San Juan Capistrano

Transparency, not Tyranny!


The on-going attempts by certain city officials to intimidate and silence those who disagree with or question their decisions have reached a new and unfortunate low.

We refer to the latest tactic by councilmen Sam Allevato, Larry Kramer and John Taylor, who voted to place on the November 5 council agenda a discussion of whether they should report councilmen Roy Byrnes and Derek Reeve to the Grand Jury, alleging Brown Act violation and breach of fiduciary responsibility, and censure of Reeve for ethics violations.

The allegations leveled against Byrnes and Reeve are patently false. We know this because they revolve around the present ban of all newspapers including the Community Common Sense (CCS) on public property.
Here’s a summary of events:

§ The City allowed newspaper racks outside City Hall and the Community Center for at least ten years - until CCS placed its news rack outside both buildings alongside other news publications.

§ In less than a week, the council majority scheduled a closed door meeting to discuss banning the CCS, justifying secrecy under false pretenses; a made-up “Threat of litigation”. No such threat existed. We believe their motive for this was to shield their discussion from the public. We learned of this closed meeting agenda from our attorney, who is Councilman Derek Reeve. He was informed of the meeting by the City Manager, with only forty-five minutes’ notice. As our attorney, he rightfully recused himself from the meeting.

§ Within a few days, CCS received a letter from City Attorney Hans Van Ligten, ordering us to remove our news racks. We complied.

§ At a subsequent City Council meeting, a question was asked of City Council; “Who made the decision to remove the news racks?” Councilman Byrnes responded that by a vote of 3-1 in closed session, Councilmen Allevato, Kramer and Taylor voted to ban the newspapers (Byrnes was opposed; Reeve had recused himself).

§ As the Brown Act mandates that certain decisions in closed session be reported to the public in open session, a follow-up question was asked; “Was the vote made public?”

§ City Attorney Hans Van Ligten did not deny there was a vote. Instead he stated, “There was no action taken” [in closed session]. Byrnes insisted there was indeed a vote; it was 3-1 but said he couldn’t share the nature of the discussion as that would be a violation of the Brown Act.

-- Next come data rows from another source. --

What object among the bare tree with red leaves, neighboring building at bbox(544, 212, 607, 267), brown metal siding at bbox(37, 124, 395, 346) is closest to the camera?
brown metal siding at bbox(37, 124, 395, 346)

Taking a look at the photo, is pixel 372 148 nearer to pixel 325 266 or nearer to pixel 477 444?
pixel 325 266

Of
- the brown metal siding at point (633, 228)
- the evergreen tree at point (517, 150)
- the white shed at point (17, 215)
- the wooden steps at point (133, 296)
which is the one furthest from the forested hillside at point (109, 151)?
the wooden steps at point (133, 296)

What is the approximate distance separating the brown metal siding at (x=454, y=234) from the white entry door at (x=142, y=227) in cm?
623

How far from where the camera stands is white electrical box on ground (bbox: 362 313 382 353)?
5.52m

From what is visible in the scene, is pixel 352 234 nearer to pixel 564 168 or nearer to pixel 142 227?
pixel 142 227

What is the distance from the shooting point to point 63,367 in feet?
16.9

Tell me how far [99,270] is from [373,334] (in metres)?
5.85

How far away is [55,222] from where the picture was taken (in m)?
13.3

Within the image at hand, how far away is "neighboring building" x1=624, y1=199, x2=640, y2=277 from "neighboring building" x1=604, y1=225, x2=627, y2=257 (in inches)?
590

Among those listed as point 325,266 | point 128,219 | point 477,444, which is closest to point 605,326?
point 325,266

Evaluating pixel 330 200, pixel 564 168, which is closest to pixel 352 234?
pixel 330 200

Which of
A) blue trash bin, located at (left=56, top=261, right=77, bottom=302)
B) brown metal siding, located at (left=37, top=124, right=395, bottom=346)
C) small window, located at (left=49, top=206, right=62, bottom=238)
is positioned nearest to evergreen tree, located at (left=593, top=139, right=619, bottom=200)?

Van Ligten claimed the decision to ban the news racks was all his – that he was merely enforcing Municipal Code; but why, after 10 years, were the rules being changed? Clearly action was taken as a result of the closed door meeting, because the City Attorney ordered the news racks removed from City property immediately after the meeting.

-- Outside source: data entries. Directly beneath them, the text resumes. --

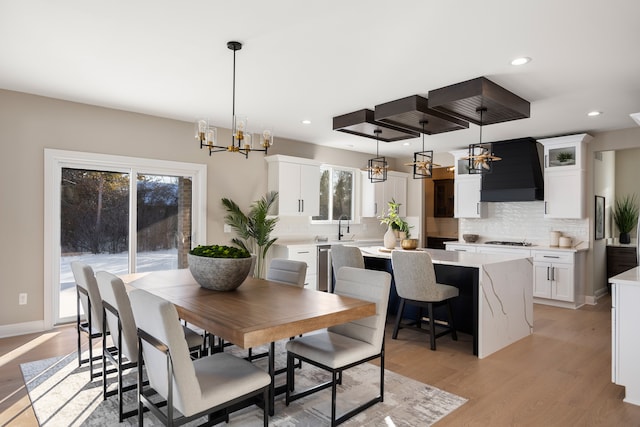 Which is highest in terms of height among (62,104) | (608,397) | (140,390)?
(62,104)

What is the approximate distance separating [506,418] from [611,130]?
5052 millimetres

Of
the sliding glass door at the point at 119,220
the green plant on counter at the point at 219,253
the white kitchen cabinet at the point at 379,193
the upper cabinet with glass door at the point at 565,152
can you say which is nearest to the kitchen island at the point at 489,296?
the green plant on counter at the point at 219,253

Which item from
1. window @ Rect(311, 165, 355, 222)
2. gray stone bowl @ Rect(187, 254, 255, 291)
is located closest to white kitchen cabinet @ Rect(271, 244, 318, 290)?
window @ Rect(311, 165, 355, 222)

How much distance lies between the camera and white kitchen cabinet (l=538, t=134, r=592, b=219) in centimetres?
586

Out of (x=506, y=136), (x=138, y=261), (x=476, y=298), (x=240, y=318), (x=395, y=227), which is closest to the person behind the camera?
(x=240, y=318)

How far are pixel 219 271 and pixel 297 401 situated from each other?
1034mm

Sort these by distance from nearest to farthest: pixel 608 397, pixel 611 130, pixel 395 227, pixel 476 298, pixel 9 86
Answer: pixel 608 397
pixel 476 298
pixel 9 86
pixel 395 227
pixel 611 130

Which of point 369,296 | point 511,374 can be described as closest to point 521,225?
point 511,374

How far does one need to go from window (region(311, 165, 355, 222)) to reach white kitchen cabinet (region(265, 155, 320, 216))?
23.7 inches

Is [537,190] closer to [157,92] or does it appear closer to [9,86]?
[157,92]

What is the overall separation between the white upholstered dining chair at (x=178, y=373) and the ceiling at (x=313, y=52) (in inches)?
72.3

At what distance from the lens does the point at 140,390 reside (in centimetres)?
212

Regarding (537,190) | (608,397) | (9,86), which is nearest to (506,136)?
(537,190)

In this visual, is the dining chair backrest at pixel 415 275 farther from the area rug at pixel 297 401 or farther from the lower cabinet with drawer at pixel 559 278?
the lower cabinet with drawer at pixel 559 278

§ At the October 15 regular council meeting, Councilmen Larry Kramer and Sam Allevato publicly denounced Byrnes and Reeve, suggesting that Byrnes violated the Brown Act by disclosing the closed meeting vote, and that Reeve committed breach of fiduciary duty and ethics violations by representing the CCS and for submitting Public Records Act (PRA) requests for information from the City*.

* According to the California Attorney General, elected officials may represent constituents in legal matters as long as they recuse themselves from votes that may present a conflict, and are also within their legal rights to obtain information from the City they represent via a PRA request.

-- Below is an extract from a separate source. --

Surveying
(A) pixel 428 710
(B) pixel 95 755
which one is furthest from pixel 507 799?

This spat is not just about the CCS and freedom of the press; it’s about everyone’s right to free speech, especially when faced with government suppression of political dissent.

The Brown Act was established to compel elected officials to conduct the people’s business IN PUBLIC. It is time these elected officials complied with the Brown Act and ceased efforts to intimidate into silence individuals who are asking legitimate questions about the way they conduct THE PEOPLE’S business.


Anonymous said...

It seems like there are a lot of decisions made around City Hall that are based on decisions made away from the public and the council.

For example, how much money did this self-congratulatory "Good News" newsletter cost? A professionally produced 4-color brochure was mailed to everyone in town. When did the decision to spend this money come before the Council? And who exercises editorial control over the material?

Editorial Board said...

Anonymous -

All good questions.

A PRA request for information for the last public relations "newsletter" distributed to SJC residents was approx $8000.

We are unsure whether these public relations pieces require council approval. We are also unsure who exercises editorial control over the material, but we assume the City Manager is ultimately responsible for approving the material.